Exercise description →
Your output must match the data word for word, with every line included.

****

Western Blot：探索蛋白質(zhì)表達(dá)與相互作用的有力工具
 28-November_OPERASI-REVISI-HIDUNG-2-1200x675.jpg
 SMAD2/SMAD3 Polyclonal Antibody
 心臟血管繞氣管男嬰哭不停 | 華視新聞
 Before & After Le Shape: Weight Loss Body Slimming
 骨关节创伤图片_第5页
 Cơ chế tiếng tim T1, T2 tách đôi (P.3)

****

Result for this exercise →
Western Blot：探索蛋白質(zhì)表達(dá)與相互作用的有力工具
 28-November_OPERASI-REVISI-HIDUNG-2-1200x675.jpg
 SMAD2/SMAD3 Polyclonal Antibody
 心臟血管繞氣管男嬰哭不停 | 華視新聞
 Before & After Le Shape: Weight Loss Body Slimming
 骨关节创伤图片_第5页
 Cơ chế tiếng tim T1, T2 tách đôi (P.3)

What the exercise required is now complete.